Figs. 1a-d show an overview of the network of Q[6]-SOFs in the solid state. As can be seen from Fig. 1a, the supramolecular assembly of Q[6]-SOF-1 is mainly driven by the ion–dipole interactions (C–H···Cl, green and orange color) between the positive-electropotential outer surface of Q[6] molecules and [ZnCl4]2− anions, and by an additional ion–dipole interaction (C–H···O, purple color) between the portal carbonyl oxygen of the Q[6] molecule and the positive-electropotential outer surface of adjacent Q[6] molecules. Thus, Q[6]-SOF-1 was formed, and the overall stacking of this assembly occurred via a combination of the aforementioned intermolecular interactions. In particular, the empty Q[6] molecules seemed to be held by [ZnCl4]2− anions and are perfectly arranged in a 1D tetragonal channel (constructed by [ZnCl4]2−, in red color) in a layered manner (linked by [ZnCl4]2−, in green color) along the a axis (Fig. 1b and Figs. S1 and S2 in Supporting informaiton), where the carbonyl portals of the Q[6] molecules face the channel wall. Closer inspection reveals the empty Q[6]-based tetragonal 1D channels with a cross-sectional area of about 90 Å2 (9.0 Å × 10.0 Å). Similar supramolecular assemblies like Q[6]-SOF-1 can be observed in the X-ray structures of Q[6]-SOF-2 (Fig. 1c and Fig. S3 in Supporting information) and Q[6]-SOF-3 (Fig. 1d and Fig. S4 in Supporting information), respectively. However, one set of the host–guest complex of Q[6]@N-ACyA (red color) separates each row of tetragonal channels in Q[6]-SOF-3 in a regular fence-like manner (Fig. 1d). In addition, the guest molecules in one set of the host–guest assembly (yellow color) of Q[6]-SOF-2 and Q[6]-SOF-3 show disorder owing to the 1:1 complex caused randomness of the guest towards the portals of Q[6].
The above results indicate that the [ZnCl4]2−anions as the structure inducer play a key role in controlling the assembly structure and promoting the crystallization of all the Q[6]-SOFs. In other words, in the HCl solution, the numerous negatively charged [ZnCl4]2− act as anchors to hold the Q[6] molecules, including the Q[6]-based host–guest complex, through electrostatic interactions with the electrostatically positive outer surface of the Q[6] host. Unexpectedly, the electrostatic potential surface maps (ESPs) suggested that a similar electrostatically positive appeared on both the outer surface of empty Q[6] and the Q[6]-based host–guest complex, but the intensity of the positive potential of Q[6] obviously increased upon complex formation with the protonation guest molecules (Fig. 2).
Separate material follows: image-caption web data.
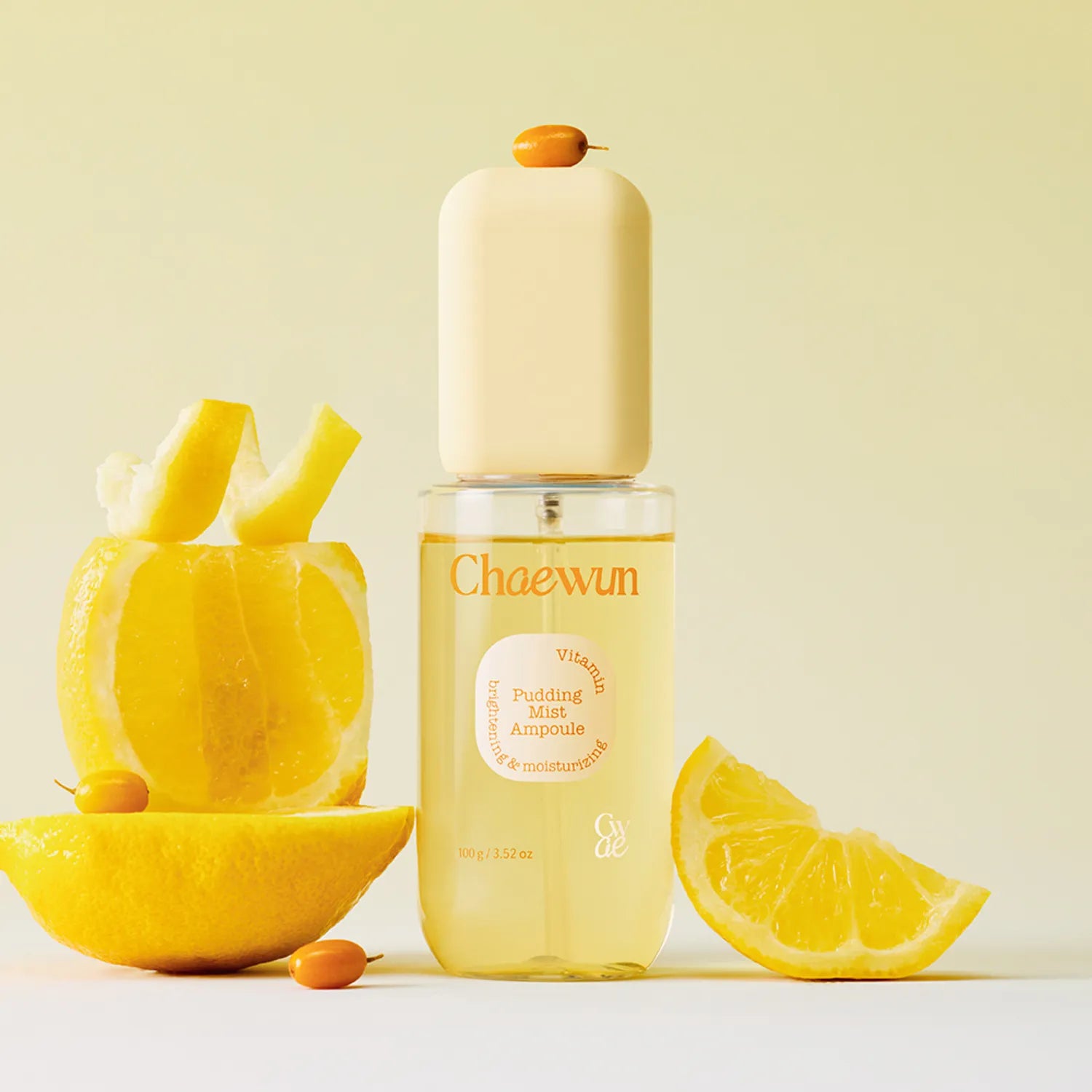 Chaewun Vitamin Pudding Mist Ampoule 100g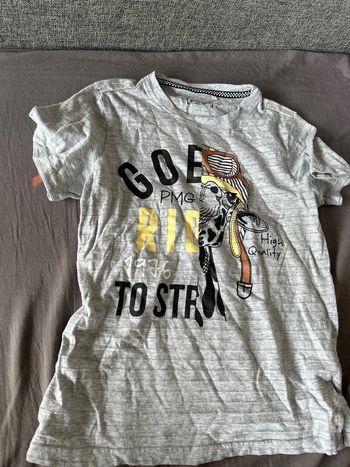T-shirt 10 ans
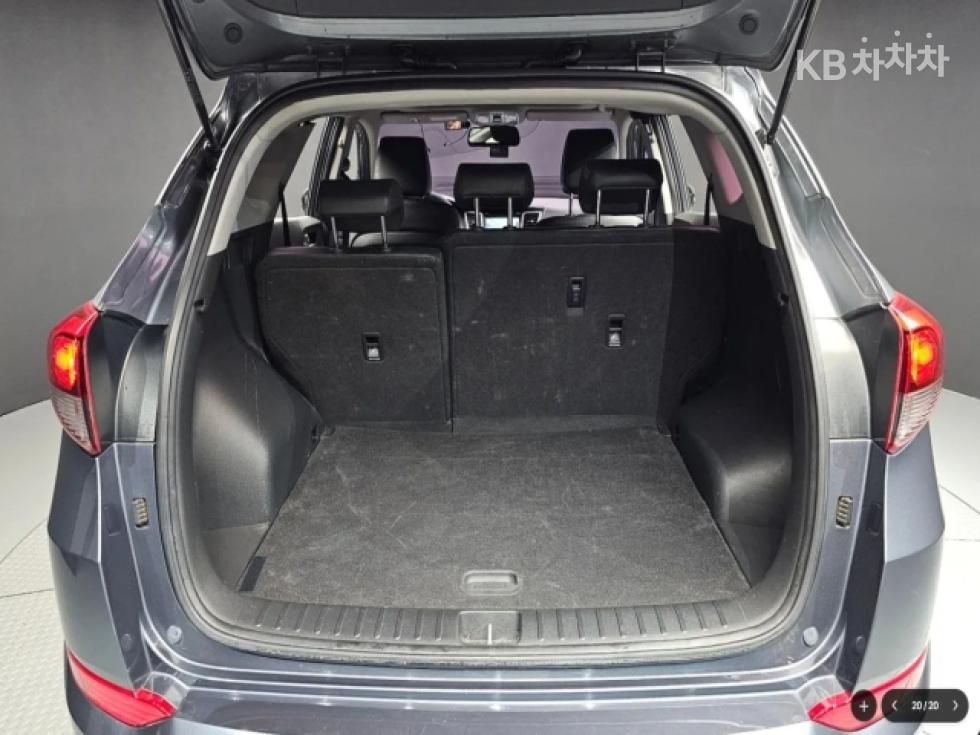 Hyundai Tucson — miniaturë 20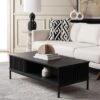 Safavieh Lylia 2 Door Coffee Table with Fluted Detail and Storage 2 Safavieh Lylia 2 Door Coffee Table with Fluted Detail and Storage -Safavieh Furniture GUEST 358fb973 9ff8 48c2 8111 820e643bd698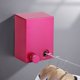 thumbnail image 5 of Secadora de ropa de calidad hotelera para el balcón de la casa, tendedero retráctil para interiores de color rojo rosa que ahorra espacio, 5 of 8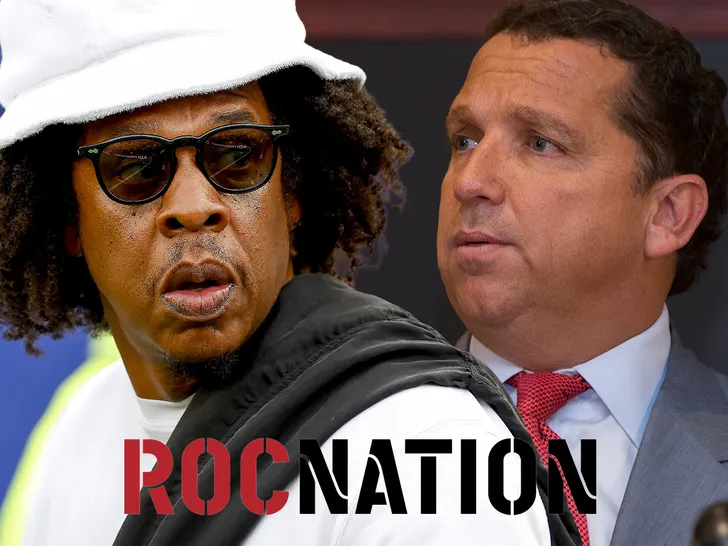 jay z, tony buzbee and roc nation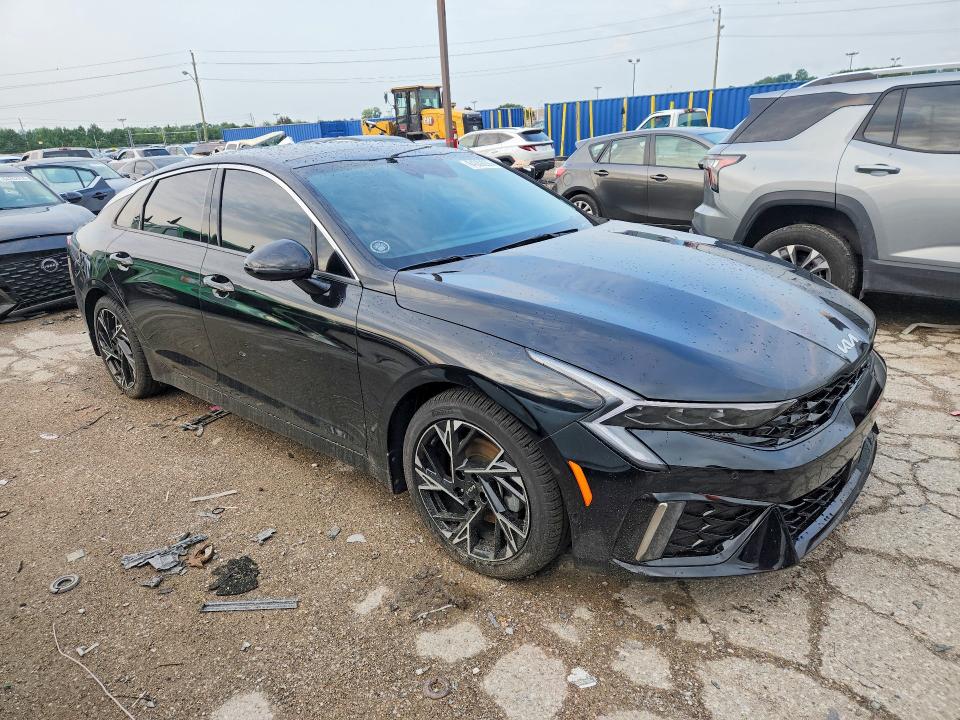 64359296 :رقم المزاد ، KNAG64J74S5363291 vin ، 2025 Kia K5 مزاد بيع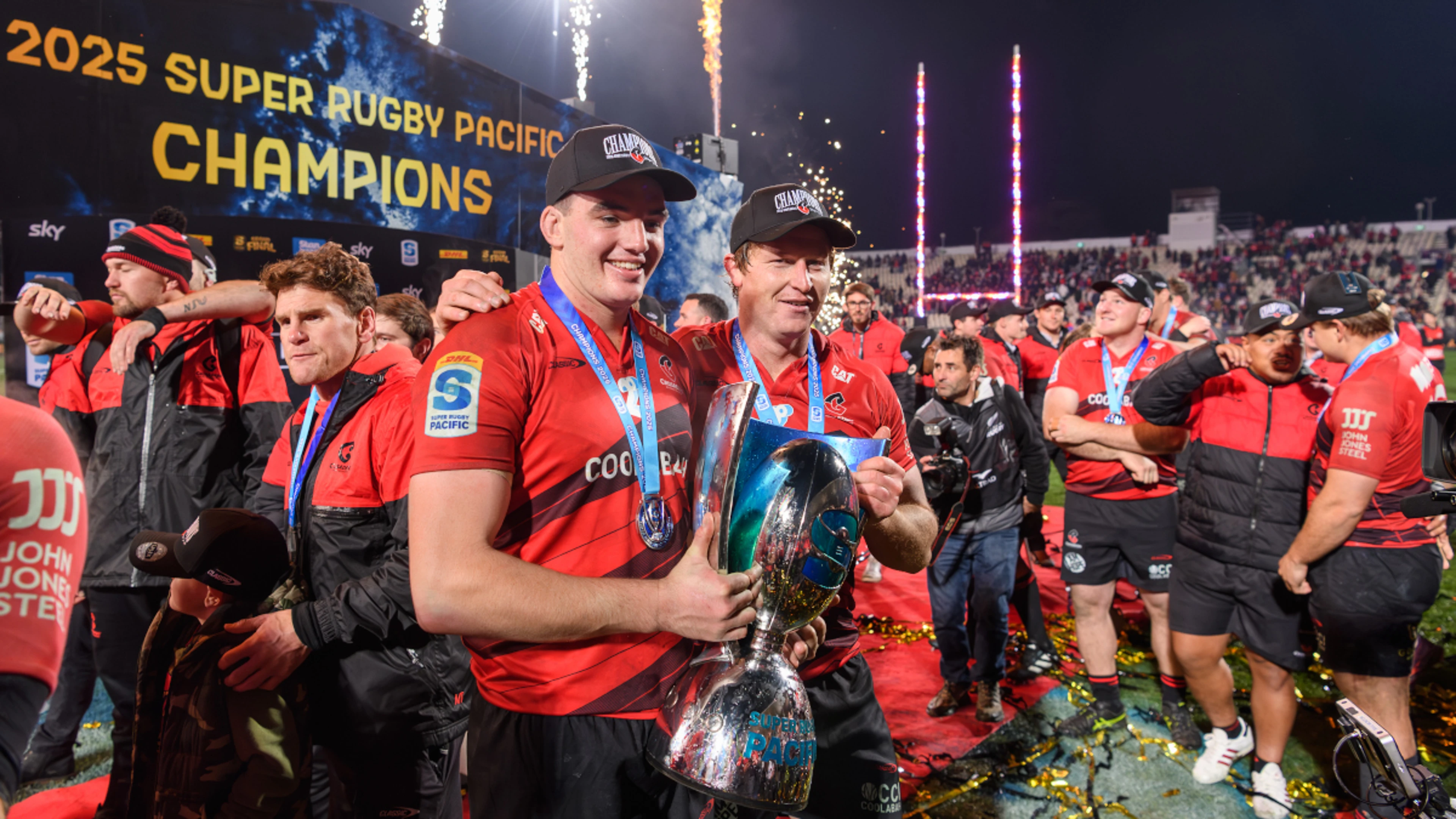 Super Rugby to mark 30th anniversary with tweaks to finals format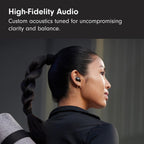 Beats Solo Buds - Wireless Bluetooth Earbuds with USB-C Charging Cables (1.5) - Storm Gray
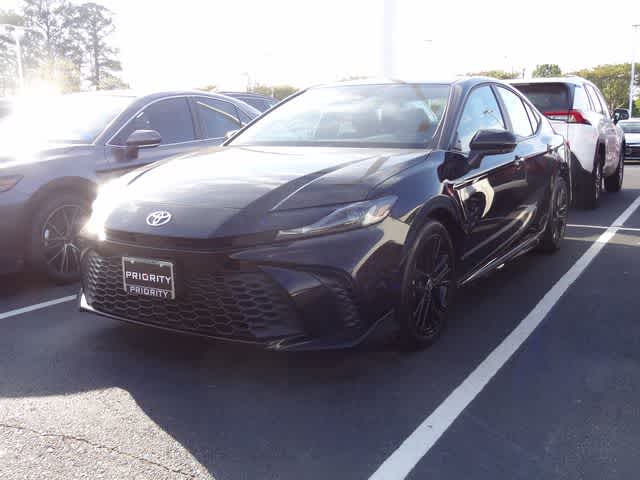 Thumbnail: 2025 Toyota Camry - 1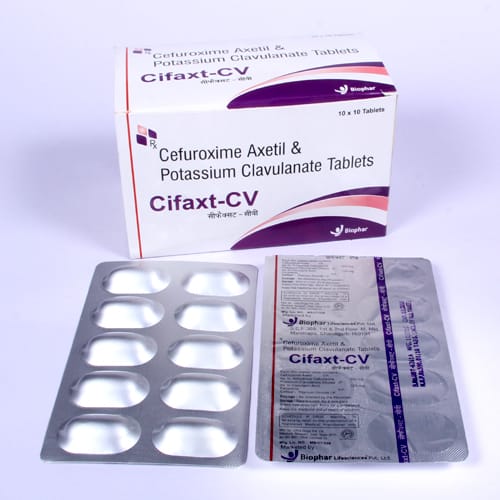 CIFAXT-CV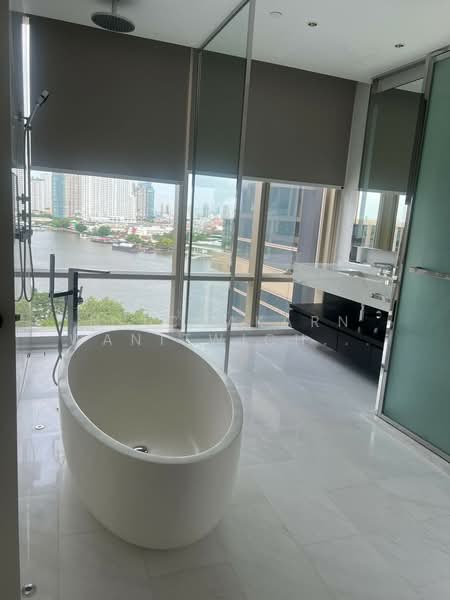 Four Seasons Private Residences : โฟร์ ซีซั่นส์ ไพรเวท เรสสิเด้นซ์, กรุงเทพ, 300 ถนนเจริญกรุง, ยานนาวา, สาทร, กรุงเทพ, 104 ตร.ม., คอนโด ขาย, โดย Nitchakarn Wanitwichakornkit, 500414093 - DDproperty.com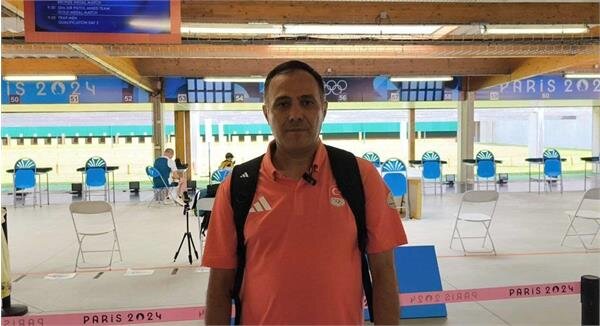 نخستین مدال ترکیه در رشته تیراندازی در المپیک با هدایت سرمربی ایرانی 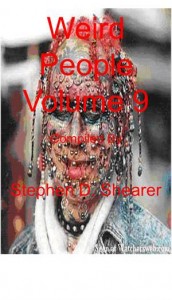 Baixar Weird people volume 09 pdf, epub, eBook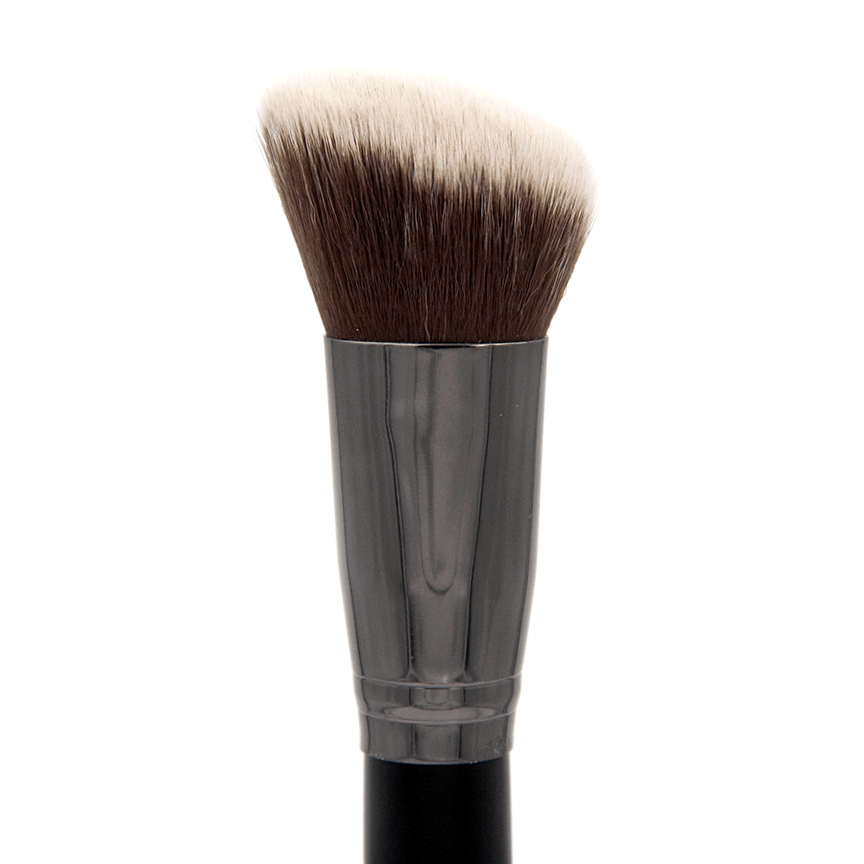 Deluxe Angle Contour Brush  C453 - Crown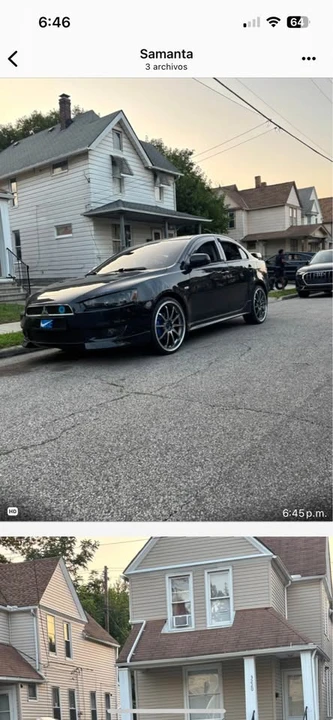 2010 Mitsubishi Lancer 9th Gen - Image 3 of 3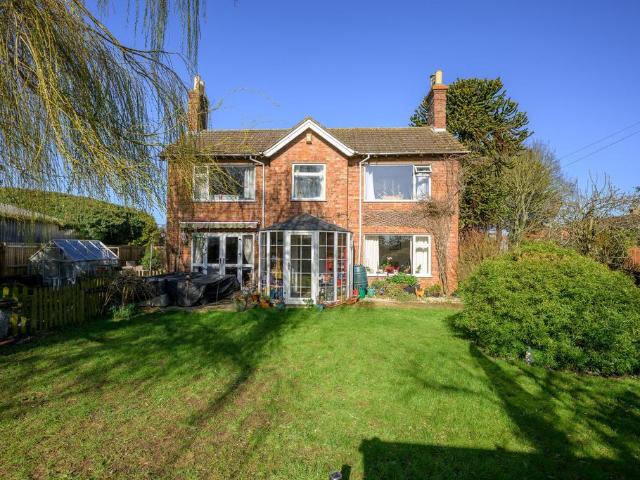 House for sale in Belleau, Lincolnshire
In particular, an electrostatically positive seems to cover the full host–guest system of the Q[6]@N-ACyA complex (Fig. 2c). This result suggested that the electrostatic potential of the whole Q[n] molecules can be tunable by the encapsulated guests, which will help in the development of crystalline host–guest complexes from solution. As a result, a significantly negative charge was seen on the carbonyl portals of empty Q[6]s, a neutral charge was observed in the Q[6]-N-ECyA complex, and a positive charge emerged in the whole Q[6]-N-ACyA complex. In other words, the remarkable difference in the electrostatic force on the portals of Q[6] and the Q[6] host–guest complex makes the tetragonal channels composed of the Q[6]-SOFs exhibit different properties: the negative charge of the channels of Q[6]-SOF-1 (derived from the negatively charged carbonyl atoms), neutral charge of the channels of Q[6]-SOF-2 (derived from the terminal neutral –OH moiety of N-ECyA), and positive charge of the channels of Q[6]-SOF-3 (derived from the terminal positive charged –NH3+moiety of N-ACyA).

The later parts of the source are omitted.